Another option for a limited number of parents is to go selective with the fee-paying King Edward's schools in Edgbaston or their grammar counterparts in Kings Heath.
"In terms of developing that sense of community and having a sense of responsibility for the area, it is not there because the relationships they
build at primary school are not there at secondary school," one parent said.
"It is almost as if we have diversified in education too much and there is no 'bog standard' secondary for our children. The council's vision is for vibrant urban villages. We have an area where residents want that, but you have to have the facilities within it."
Raddlebarn's headteacher Fiona Chamberlain described some pupils in the area as living in a "no-man's land" when it came to secondary schools.
"We have some very good secondary schools around here, but in pockets there aren't ones near enough for pupils to get to easily.
"There used to be a couple of other secondary schools in the area which have closed.
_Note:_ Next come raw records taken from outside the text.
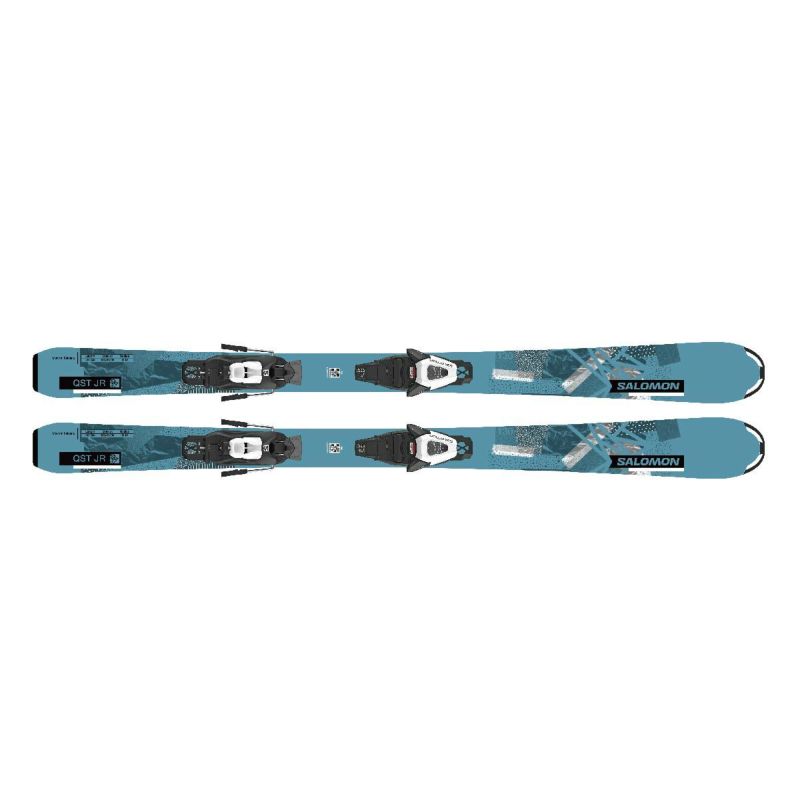 スキー150cm salomon サロモンQST ジュニアレディース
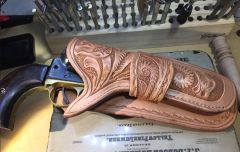 22 holster with Gun front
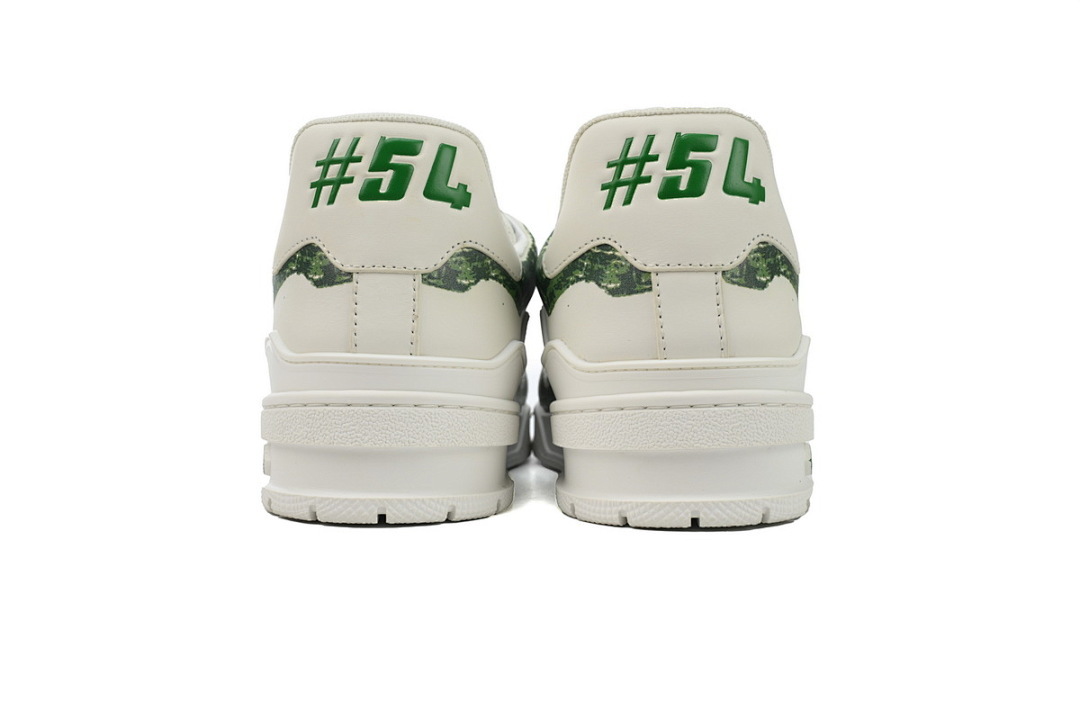 FC God Batch LOUIS VUITTON Trainer Green Graffiti 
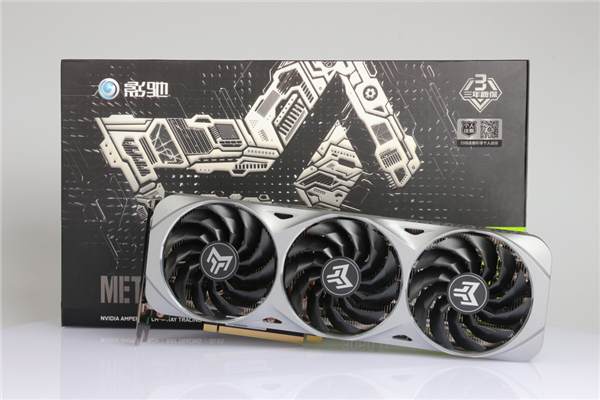 真香甜品級顯卡！影馳RTX3060Ti金屬大師OC顯卡拆解與性能評測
There are enough places for all the children, but there isn't always one that is near enough for parents.
"It is a bit of a no-man's land, that is the concern of parents."
Selly Oak's proximity to the University of Birmingham has also had an impact.
It has resulted in many homes being turned over to students, affecting the coherence of the area.
Birmingham City Council appeared to rule out establishing a new secondary school. But Coun Les Lawrence (Con Northfield) said other solutions were being looked at such as extending schools and altering admission criterias.
"There are some very interesting ideas bubbling up. We always trying to be at the forefront of innovation. I am enthused by the way we are able to engage with the community."